そこに大きな樹木が茂っていて、空は夕焼け色に染まっていた。
その樹木から突然のように「みいみい」と、けたたましくてやかましい。
母から、「みいみい蝉」であることを教わった。
樺太では、聞くことの出来ない蝉の鳴き声を、私は始めて知ったのである。
梨
1800KMにもおよぶ、長い旅が終わり、母の実家でくつろぐ間もなく、父の姉の嫁ぎ先である 鳥取県倉吉市上小鴨の小谷家に行く。

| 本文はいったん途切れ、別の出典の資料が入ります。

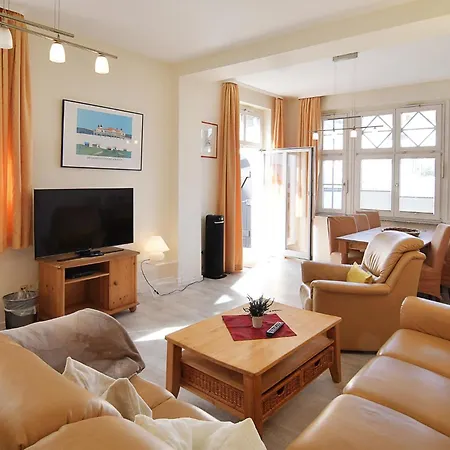 Appartement Hamburg-app-01 Heringsdorf (Usedom)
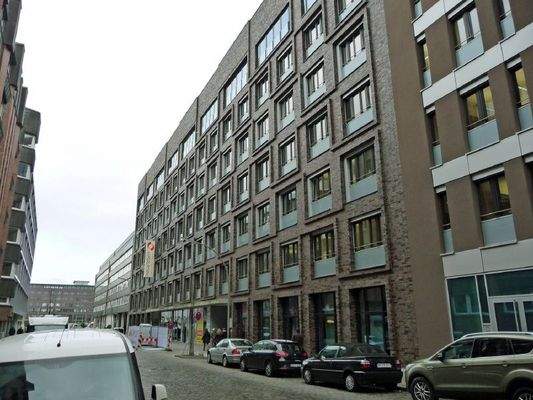 Ansicht Straßenseite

そこでは戦災とは、全く関係の無い、のどかな日本の美しい田舎があった。
9月はじめの頃であったのである。
小谷家の人々は皆親切である。
私にも、梨を振舞ってくれた。
果汁のたっぷり入った梨であった。
それは、二十世紀と言う梨だそうである。
かじると甘い果汁が頬を伝う、なんと美味しい果物であろうか。
私は、この時始めて二十世紀梨を知り、いっぺんに大好物になったのであります。
峠
倉吉からの帰路は、上井駅から山陽本線で米子まで行き、ここで伯備線に乗り換える。
米子駅を出発して列車は、中国山脈の山間部に入る。
しばらくして列車が上石見駅まで来ると、車掌が終点ですと言う。
当時は、鳥取県と岡山県の県境である上石見駅と新郷(にいざと)駅の間は
列車が走らないのである。
それぞれの駅で、列車は折返し運転をしているのである。
しかたなく、母と私は中国山脈の谷田峠を歩いて越えるしかないのである。
早秋の爽やかな高原のそよ風を身に受け、人影の全く無い、思ったより明るい山道をただ二人で歩く。
上り坂が続くので汗が出て、息が切れる。
二人は、リュックサックを背にして、休みながら歩く。
頂上近くの木陰で憩い、そこで昼食をとる。
小谷家で準備してくださった、白米のおにぎりと梨である。
母と二人で、感謝をしながら食べるおにぎりの味は、格別である。